[INPUT DATA]
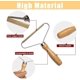 thumbnail image 2 of 2 Pack, Cat & Dog Hair Removal Pet Hair Removal And Fur For Carpet, Clothes Reusable Lint Removal Roller Razor Scraper Cleaner, 2 of 4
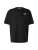 DIESEL Shirt ‘T-BOGGY-V4’  donkergrijs / magenta / oudroze / zwart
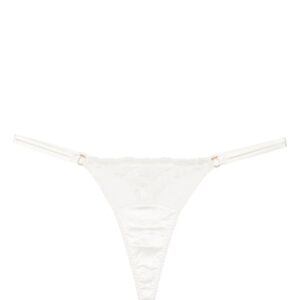 Fleur Of England  Daisy floral-lace thong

[PROBLEM] Skip the pictures, then retype every line above exactly.

[OUTPUT FOR THIS TASK]
 thumbnail image 2 of 2 Pack, Cat & Dog Hair Removal Pet Hair Removal And Fur For Carpet, Clothes Reusable Lint Removal Roller Razor Scraper Cleaner, 2 of 4
 DIESEL Shirt ‘T-BOGGY-V4’  donkergrijs / magenta / oudroze / zwart
 Fleur Of England  Daisy floral-lace thong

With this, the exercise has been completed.